Susan, as you know, just knocked the socks off of everyone at the Tucker Gala on Sunday. She did a gala last night for WQXR. She's here tonight, and I said, "Are you in New York?" She said, "I'm in New York for a month, and I'm not doing anything, except this is my third event in a row". So, Susan is just one of the truly generous spirits in our business.

Susan Graham: Thank you.

Marc A. Scorca: I always like to start off with the same question. Who brought you to your first opera?

Susan Graham: My high school voice teacher, in Midland, Texas and I had never seen an opera live before. In fact, in my house, opera was the thing you changed the channel from on the television. But it was Così fan tutte and it was at my high school auditorium, but it was the touring leg of the Houston Grand Opera, so it was Texas Opera Theater. And they came through my town and it was Così fan tutte and Sunny Joy Langton was singing Despina. And I remember seeing her, and I was already a student of piano and I played a lot of Mozart and I thought, "It's Mozart, it's acting, it's comedy, and she gets to drink hot chocolate". I wanna do that. Now, I still haven't sung Despina, but, you know, it could happen.

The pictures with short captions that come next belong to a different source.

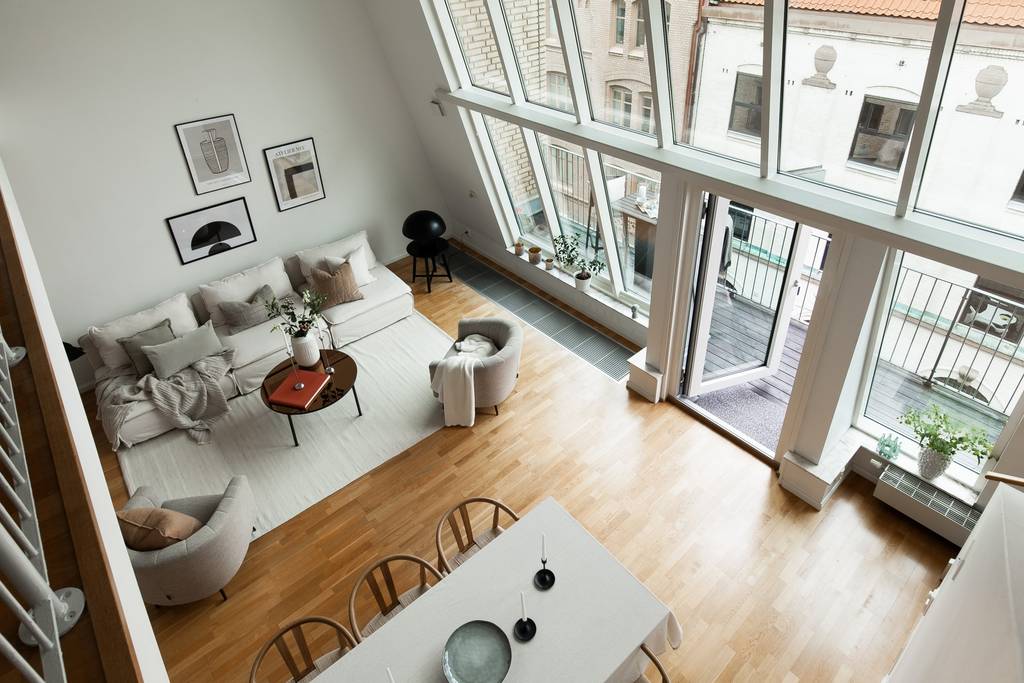 salon avec fenêtres type atelier appartement design
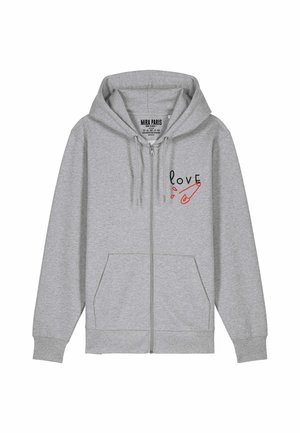 Grijze zip-up hoodie gemaakt van zacht materiaal, met een voorprint die "love" zegt met een rode veiligheidsspeld, en twee voorzakken.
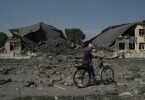 In den besetzten ukrainischen Gebieten will die russische Militärverwaltung über den Beitritt zu Russland abstimmen lassen. Foto: Leo Correa/AP/dpa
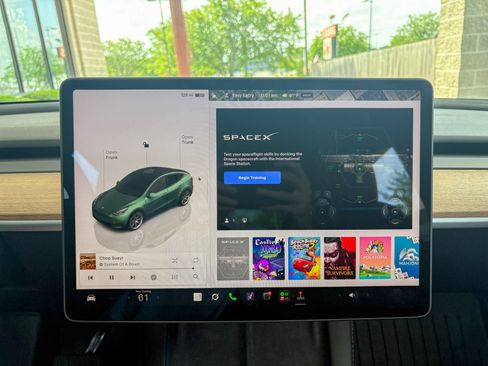 Used 2024 Tesla Model Y Long Range AWD/4WD image 31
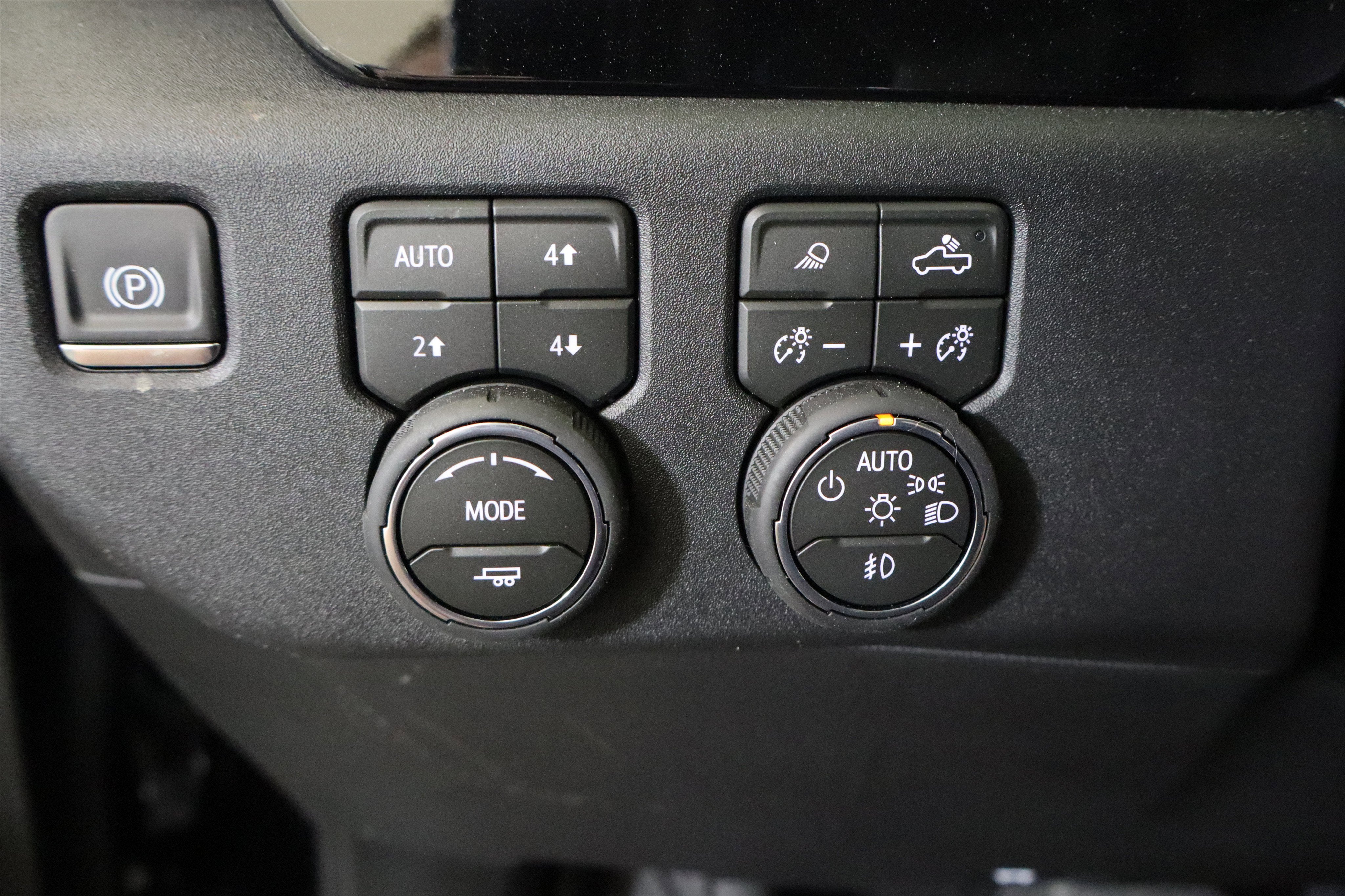 2026 Chevrolet Silverado 1500 LTZ Crew Cab 4WD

Marc A. Scorca: So, had you identified in high school, at that point, that you had a vocal talent, or are you still just a pianist and hadn't yet discovered your voice?

Susan Graham: I think that was probably my senior year. So, I think I had just sung Maria in The Sound of Music.

Marc A. Scorca: In the high school musical?

Susan Graham: Oh yes, in the high school musical. And so the drama-theatrical bug had started to nibble on me a little bit because, as I said, I'd been a pianist for a long time, and I'd always done vocal competitions as well, though, because, you know, in Texas there's a competition for everything. And if you can do anything halfway well, somebody's gonna throw you in a contest for it. Yeah, I did Beethoven piano sonata competitions and voice competitions. And down the road, they had a Chili Cook-off and a Rattlesnake Roundup. I didn't do either one of those. Yet.

Marc A. Scorca: But you still played. You accompanied yourself last night, so you still keep up your piano?

Susan Graham: I do. It's a funny story. When I was in college, I had a lot of boyfriends who were baritones, and so I'm really good at playing (mimes piano playing) the baritone rep. I used to play for their voice lessons, and I even played a couple of junior recitals. I was pretty into the whole piano thing, as well as being a voice major. But last year, I did this French duet tour with Renée Fleming. And it was a whole concert of French duets, with little solo groups here and there. And as encores, we were each gonna sing some solos, and then we had a couple of duet encores too. So the pianist was Brad (Bradley) Moore. So one day, we took a break from rehearsal before the first concert, and I was gonna do La Vie en Rose as an encore with Brad playing. And they went out to get coffee, and I stayed back to practice some stuff, and they came back and I was playing it and singing it. And Renée walked in the room and she said, "What?" And I said, "Dude, you've known me for 25 years; you know I can play the piano". And she said, "Well, I know you play the piano, but I didn't know you played like (emphasis) that." She said, "You've gotta do that, you've gotta do that". I said, "Well, what do you mean?" She says, "In the concert, you've gotta play for yourself". I said, "Oh no, I can't do that. I haven't played in front of people in 30 years". But she talked me into it, and by the end of the tour, that was my favorite moment.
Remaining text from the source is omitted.